▶ [What is being asked]: Everything in the entries except the pictures should be copied exactly.

▶ [Recorded data]:
┄┄┄┄┄┄┄┄┄┄┄┄┄┄┄┄┄┄┄┄

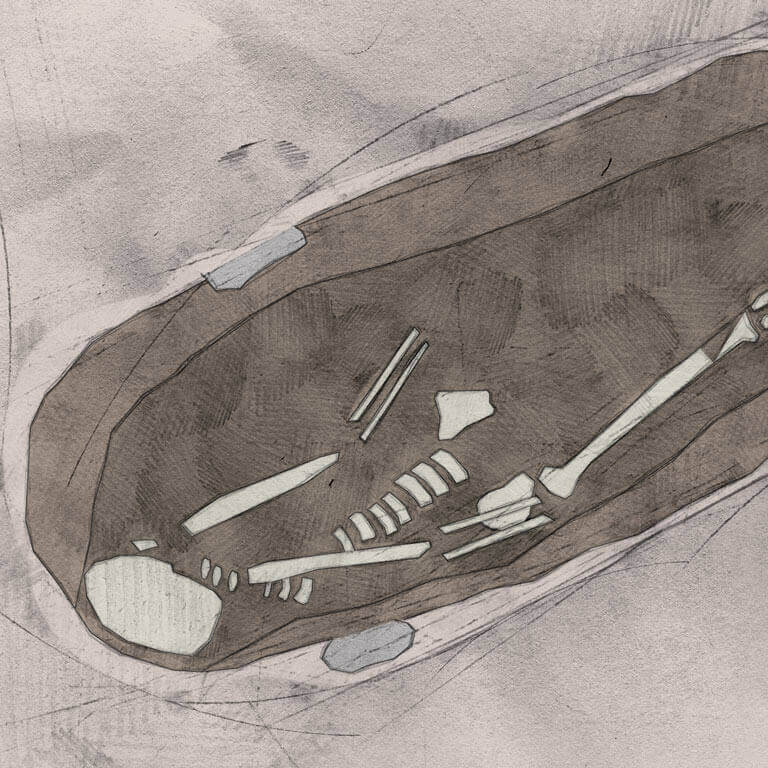 A drawing of skeleton with codename ādrinċeð as discovered in the bowl hole graveyard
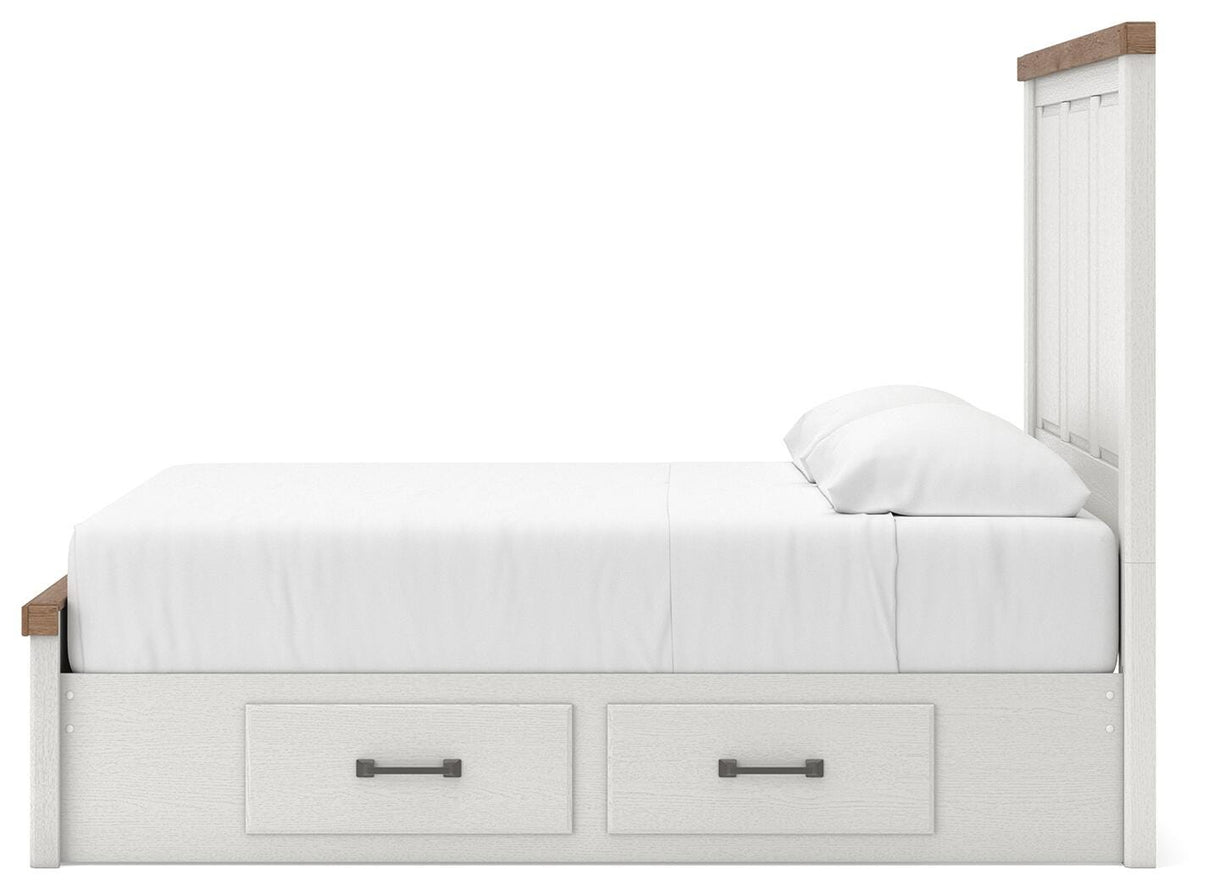 Savonport White/Brown Storage Bedroom Set with 6 Drawers by Ashley at Eve Furniture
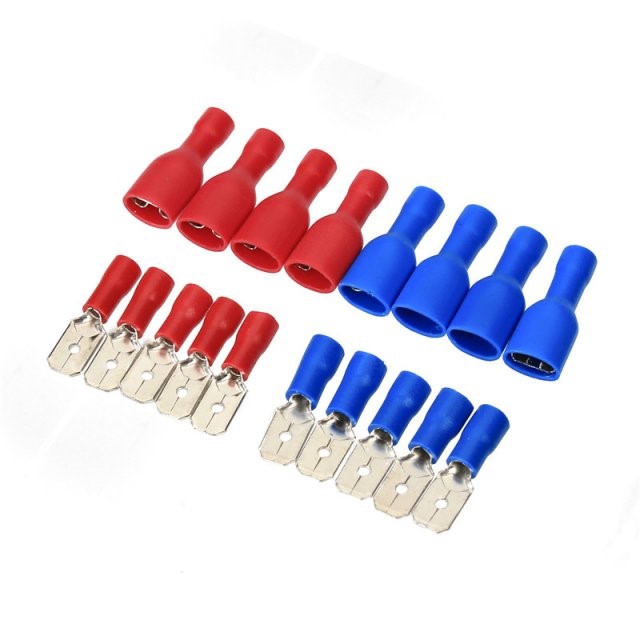 100Pcs 6.3mm Insulated Spade Crimp Terminal Famle/Male Wire-图3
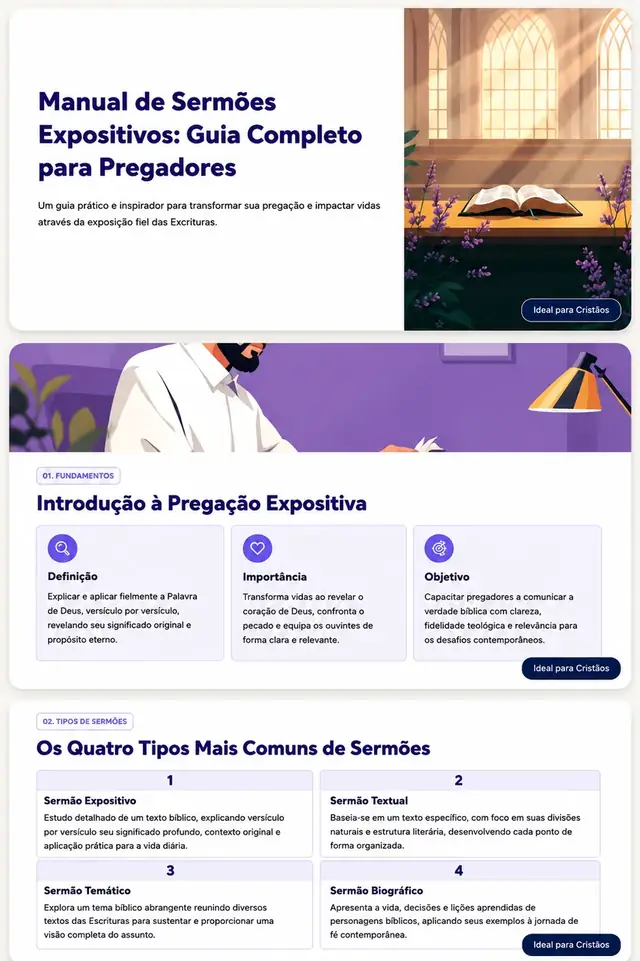Página do Manual de Sermões Expositivos dentro do aplicativo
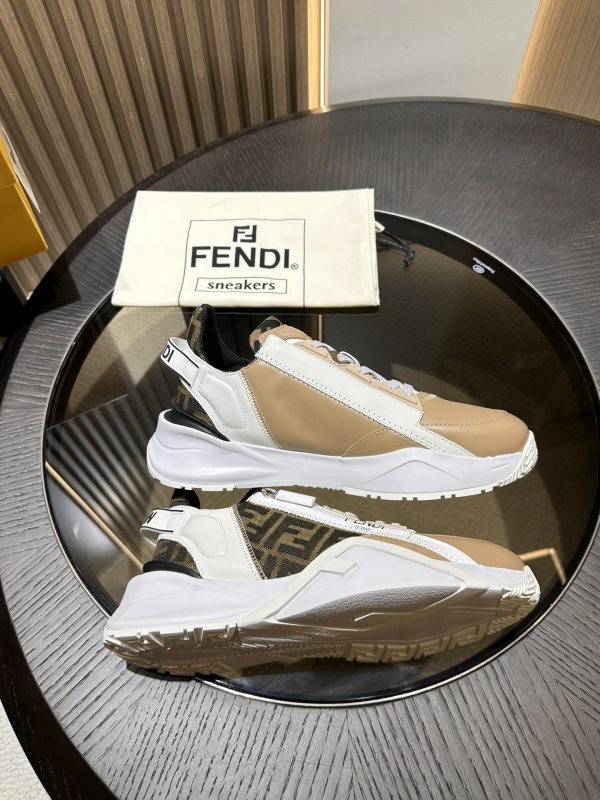 Fendi Flow Leather Jacquard Beige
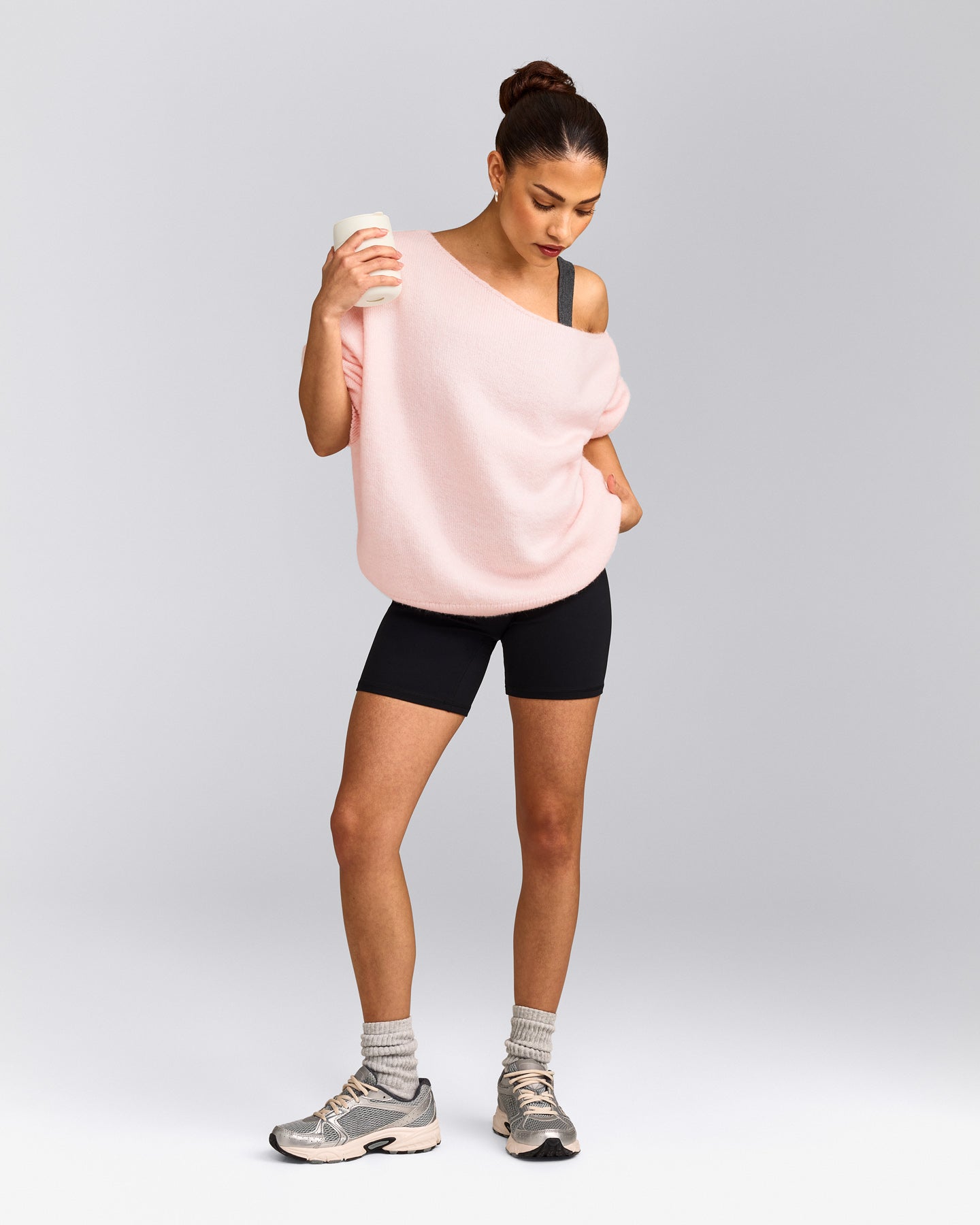 Oversized Knit Off-The-Shoulder Sweater | Soft Girl Pink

┄┄┄┄┄┄┄┄┄┄┄┄┄┄┄┄┄┄┄┄

▶ [Your response]:
 A drawing of skeleton with codename ādrinċeð as discovered in the bowl hole graveyard
 Savonport White/Brown Storage Bedroom Set with 6 Drawers by Ashley at Eve Furniture
 100Pcs 6.3mm Insulated Spade Crimp Terminal Famle/Male Wire-图3
Página do Manual de Sermões Expositivos dentro do aplicativo
 Fendi Flow Leather Jacquard Beige
 Oversized Knit Off-The-Shoulder Sweater | Soft Girl Pink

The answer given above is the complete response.